O forse perché il problema dell’impossibile equilibrio fra la tutela
dell’ambiente alpino ed il suo “sviluppo” è qualcosa che si inquadra nella più
ampia e complessa tematica della relazione fra uomo e ambiente. Un tema che è
sotto gli occhi di tutti, mediaticamente costantemente esposto vista la sua
tragica attualità.
Detto
questo è con uno spirito necessariamente diverso che i climber del terzo
millennio devono approcciarsi alle interessanti opportunità arrampicatorie
offerte da questo limitato acrocoro. Lo spirito più consono è probabilmente
quello della tolleranza, mediata da un tentativo di comprensione; cosa davvero
difficile per chi ami veramente gli spazi alpini senza potersi confondere con
coloro che abilmente o forse inconsciamente tramutano e confondono tale
pubblicizzato amore con l’affetto nutrito nei confronti della progressiva
pinguedine del proprio conto in banca. Un atteggiamento basato sull’accettazione
dello status quo o della difesa del diritto all’accessibilità agli
ambienti montani anche da parte di coloro che, impossibilitati o svogliati, non
vi si avvicinino passando per il magico filtro della fatica. Quel forse sta a
significare che allo sfruttamento della montagna andrebbe posto sempre e
comunque un limite; un limite diverso da quello degli appetiti speculativi,
teoricamente e praticamente infiniti, di tanti gorettiani cuori affranti e
trafitti per i "grami destini delle genti di montagna"; un limite dato
dall’imprescindibile dovere, ancor prima che dall'inderogabile esigenza, di
tutelare una realtà naturale unica ed irripetibile peraltro basata su equilibri
delicati e di impossibile ricostituzione una volta che ne siano state lese o
recise le radici.
Fatta
questa debita premessa la massacrata conca del moribondo ghiacciaio del Presena
offre alcuni itinerari assolutamente degni di una ripetizione. Le ascensioni più
interessanti vengono però offerte dal selvaggio e fortunatamente (almeno per
ora!) intatto versante Ovest del Castellaccio, quel medesimo versante che fa da
stupendo sfondo alla conca del sempre più grande ed inurbato ‘paesello che fu’
di Ponte di Legno.
Sui
pilastri di questa bella montagna, ammirando un panorama tra i migliori che il
massiccio possa offrire, itinerari moderni si accompagnano ad ascensioni ormai
entrate a far parte del novero delle salite classiche del massiccio.
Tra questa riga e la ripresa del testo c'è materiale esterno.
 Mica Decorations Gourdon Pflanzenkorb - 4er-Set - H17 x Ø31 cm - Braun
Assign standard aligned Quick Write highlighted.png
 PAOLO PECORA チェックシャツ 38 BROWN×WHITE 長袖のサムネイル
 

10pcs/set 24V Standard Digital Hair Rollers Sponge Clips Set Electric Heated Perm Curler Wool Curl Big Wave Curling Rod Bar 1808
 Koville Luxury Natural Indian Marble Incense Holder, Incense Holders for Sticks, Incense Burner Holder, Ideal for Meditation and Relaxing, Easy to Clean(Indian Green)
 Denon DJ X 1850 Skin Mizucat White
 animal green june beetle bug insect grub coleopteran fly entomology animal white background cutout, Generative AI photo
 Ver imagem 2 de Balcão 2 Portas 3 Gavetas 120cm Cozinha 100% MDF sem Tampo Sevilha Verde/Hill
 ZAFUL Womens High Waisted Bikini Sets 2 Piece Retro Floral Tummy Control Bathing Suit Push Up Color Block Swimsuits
Mentre si
ascende, avvolti nel silenzio e nei refoli del vento, lo sguardo potrà
estendersi alla vasta meravigliosa vallata glaciale del Pisgana che qualche
"valorizzatore" vorrebbe adorna di impianti, piste, ristoranti, bar ed altri
supporti di fruizione ludica; il tutto condito da musica pop a go-go sparata a
tutti decibels da altoparlanti copiosamente distribuiti perché all’arcano
e pericolosamente interiorizzante silenzio della montagna non sia più lasciato
spazio nella civiltà dello scontato, del risaputo, del falsamente accessibile.
Auguriamoci vivamente che il futuro ci risparmi da tutto questo lasciando il
ghiacciaio del Pisgana avvolto nel suo antico e prezioso silenzio!